EXERCISE INSTRUCTIONS: Would you copy the lines below exactly and omit the images?

SUPPLIED MATERIAL:
☆ ☆ ☆
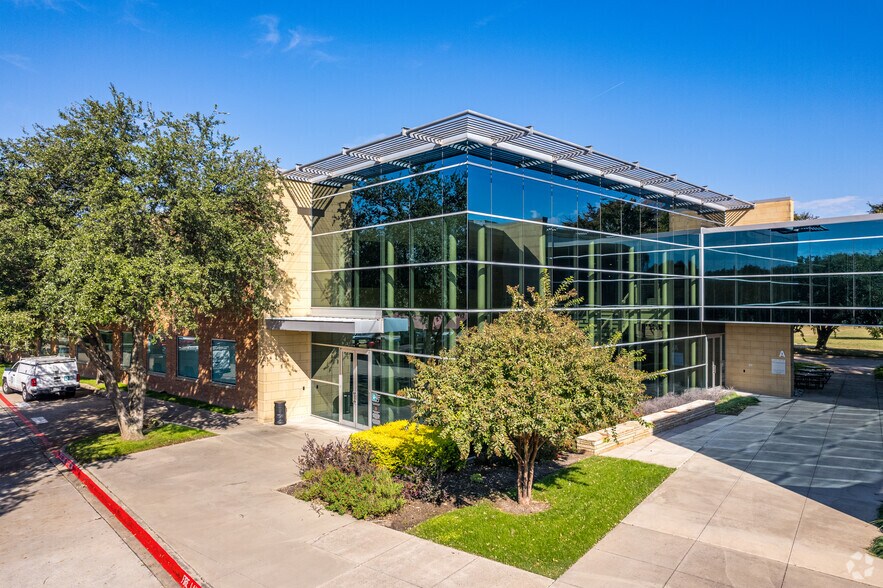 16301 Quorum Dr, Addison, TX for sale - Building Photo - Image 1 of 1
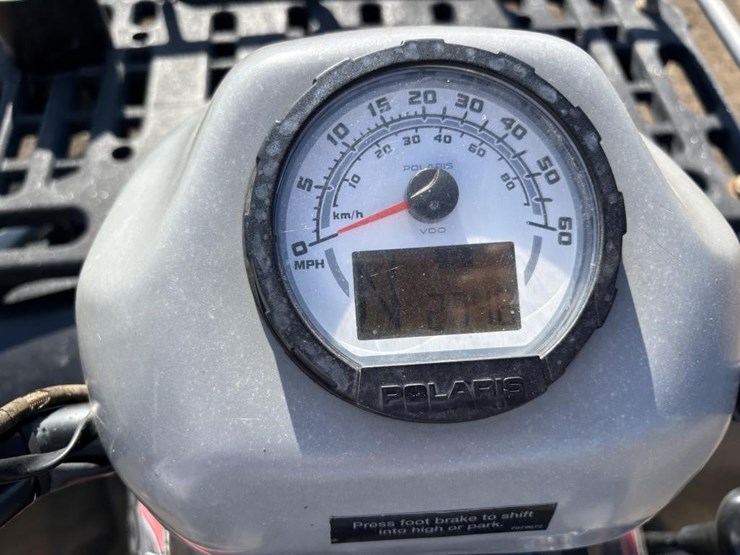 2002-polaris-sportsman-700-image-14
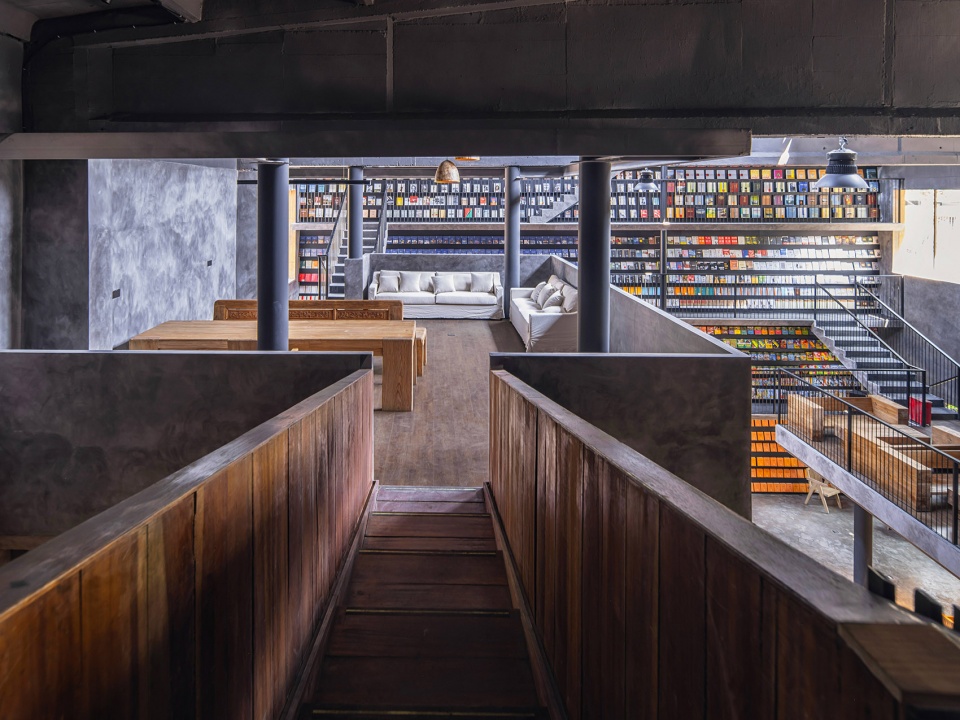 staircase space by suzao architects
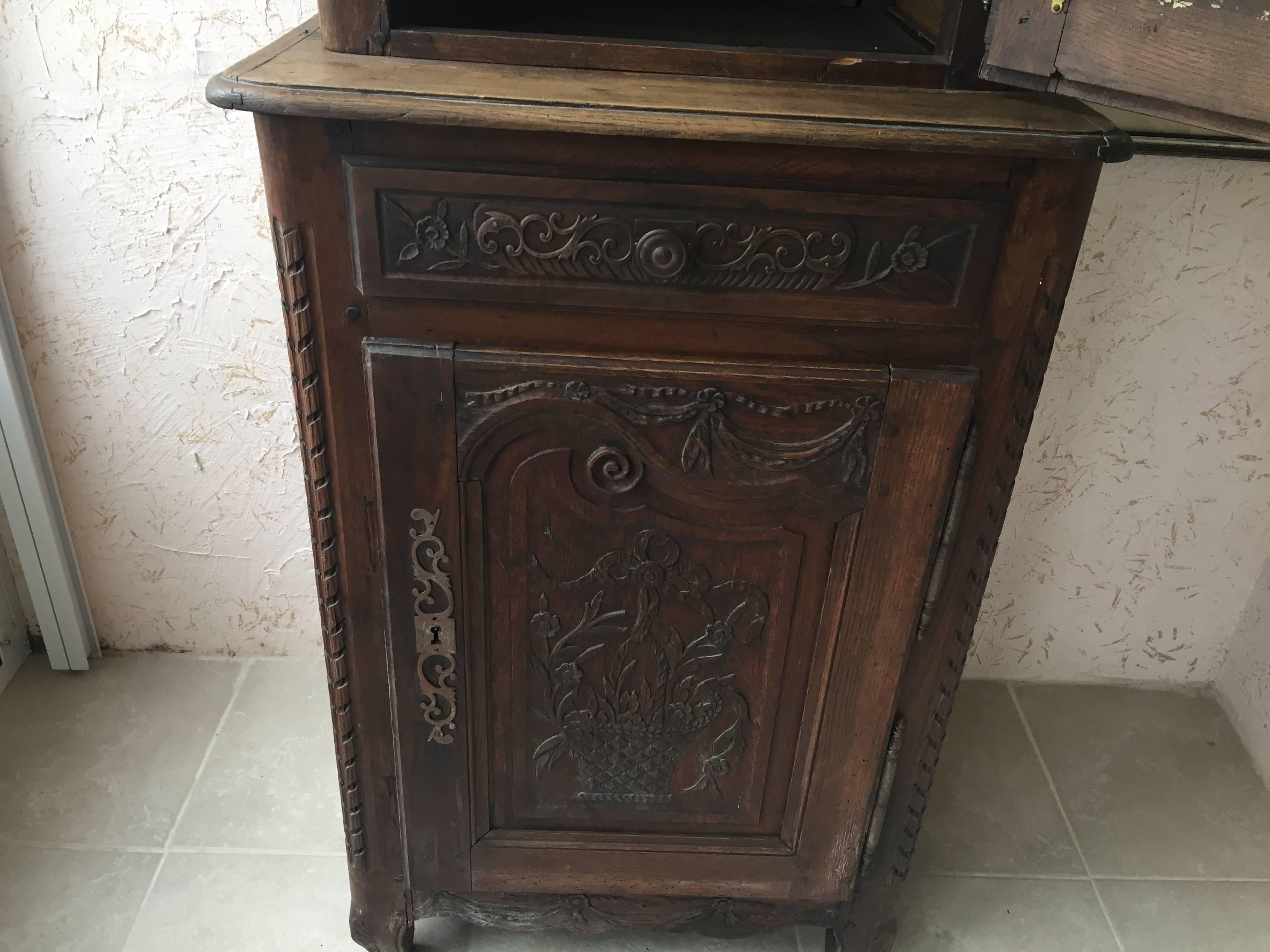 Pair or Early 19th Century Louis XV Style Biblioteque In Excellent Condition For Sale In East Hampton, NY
☆ ☆ ☆
SOLUTION TO THE EXERCISE:
 16301 Quorum Dr, Addison, TX for sale - Building Photo - Image 1 of 1
 2002-polaris-sportsman-700-image-14
 staircase space by suzao architects
 Pair or Early 19th Century Louis XV Style Biblioteque In Excellent Condition For Sale In East Hampton, NY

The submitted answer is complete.